• _Exercise details_: Reproduce the listing below from the line with "雅思看高考成绩吗（雅思看什么）" to the line with "Mala Bead Necklace - Indian Agate", both lines included, character for character, minus any pictures.

• _Material supplied_:

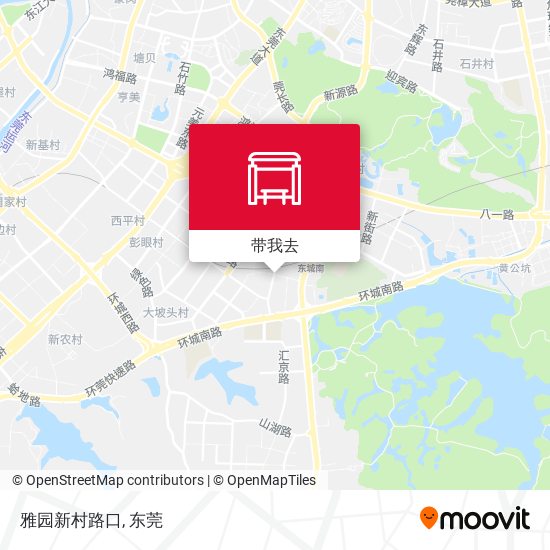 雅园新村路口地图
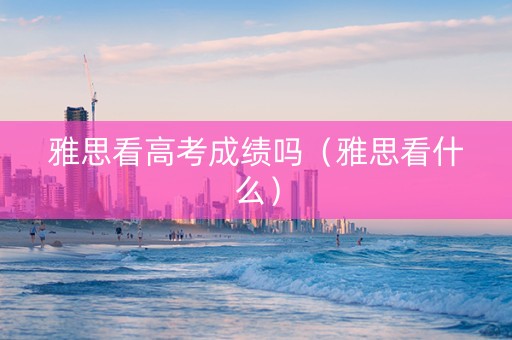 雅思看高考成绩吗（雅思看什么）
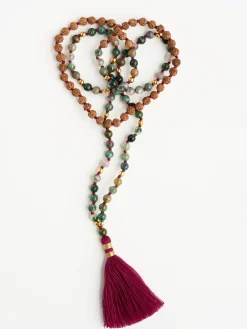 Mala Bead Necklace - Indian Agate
---
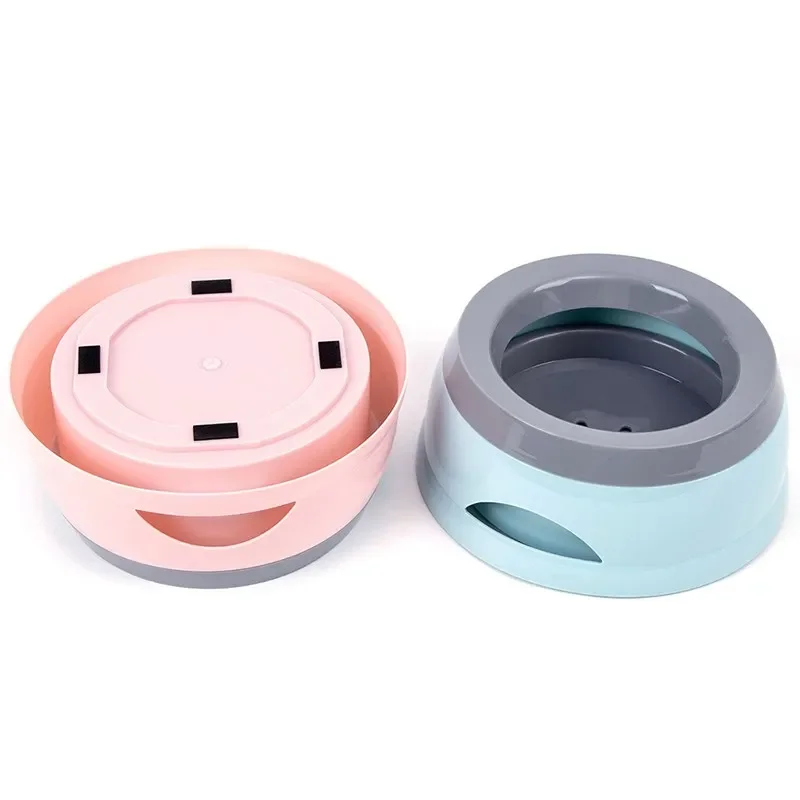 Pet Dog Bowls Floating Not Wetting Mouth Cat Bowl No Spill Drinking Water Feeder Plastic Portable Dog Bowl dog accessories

• _Exercise answer_:
 雅思看高考成绩吗（雅思看什么）
 Mala Bead Necklace - Indian Agate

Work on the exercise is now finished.